SHANGHAI (Reuters) - China has urged carmaker Chrysler Group LLC, majority-owned by Italy’s Fiat SpA FIA.MI, to correct possible defects in its Jeep Wrangler, after vehicles imported into the country were found to have an elevated fire risk, China’s quality watchdog said on Monday.
China had banned Jeep Wrangler imports in early 2011 due to serious fire risks associated with defective gearboxes, but lifted the restrictions after Chrysler replaced vehicle parts to address the issue, the General Administration of Quality Supervision, Inspection and Quarantine said in a statement on its website.
Recent inspections by the agency, however, found the car still had relatively high fire risks, the statement said.
Chrysler should “take immediate precautionary measures so as to be responsible to consumers”, the watchdog said. It also advised Wrangler owners to thoroughly check their vehicles and avoid driving in extreme conditions.
Chrysler is actively cooperating with the quality watchdog and is also in active discussion on technical issues, a China-based company representative said in response to the agency’s statement.

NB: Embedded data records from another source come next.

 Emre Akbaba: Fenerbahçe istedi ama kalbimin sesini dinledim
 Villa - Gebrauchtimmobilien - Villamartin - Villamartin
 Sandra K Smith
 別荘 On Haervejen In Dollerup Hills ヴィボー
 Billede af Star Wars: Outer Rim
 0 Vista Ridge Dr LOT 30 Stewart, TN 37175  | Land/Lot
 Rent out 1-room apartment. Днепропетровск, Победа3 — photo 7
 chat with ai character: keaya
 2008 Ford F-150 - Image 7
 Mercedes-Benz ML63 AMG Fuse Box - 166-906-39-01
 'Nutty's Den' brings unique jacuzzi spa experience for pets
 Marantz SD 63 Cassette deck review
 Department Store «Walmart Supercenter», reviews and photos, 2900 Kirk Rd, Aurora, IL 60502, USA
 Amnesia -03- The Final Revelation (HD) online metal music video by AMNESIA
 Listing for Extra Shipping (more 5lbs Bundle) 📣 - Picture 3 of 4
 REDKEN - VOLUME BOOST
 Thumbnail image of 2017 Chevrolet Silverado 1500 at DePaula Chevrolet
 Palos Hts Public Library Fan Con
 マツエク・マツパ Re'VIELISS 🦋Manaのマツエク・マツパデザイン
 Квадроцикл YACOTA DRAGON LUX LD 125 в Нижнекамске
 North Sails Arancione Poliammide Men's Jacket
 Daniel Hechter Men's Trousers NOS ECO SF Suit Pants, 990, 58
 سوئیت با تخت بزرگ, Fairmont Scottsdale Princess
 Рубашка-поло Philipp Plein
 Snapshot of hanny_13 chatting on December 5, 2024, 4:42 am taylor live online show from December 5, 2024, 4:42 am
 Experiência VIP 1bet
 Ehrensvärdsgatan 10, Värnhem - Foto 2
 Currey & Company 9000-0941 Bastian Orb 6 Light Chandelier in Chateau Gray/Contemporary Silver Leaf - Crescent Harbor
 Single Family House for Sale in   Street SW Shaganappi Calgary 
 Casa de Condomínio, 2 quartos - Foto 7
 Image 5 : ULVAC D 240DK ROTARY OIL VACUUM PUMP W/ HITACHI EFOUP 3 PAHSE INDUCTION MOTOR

Beijing is taking a harsher stance towards products, both local and imported, that are deemed substandard amid a spate of scandals involving everything from tainted milk powder to fake donkey meat.
Global automakers including Volkswagen AG (VOWG_p.DE), General Motors Co (GM.N) and Ford Motor Co (F.N) recalled a combined 5.3 million vehicles in China in 2013, a 66 percent increase from a year earlier, according to the official Xinhua News Agency.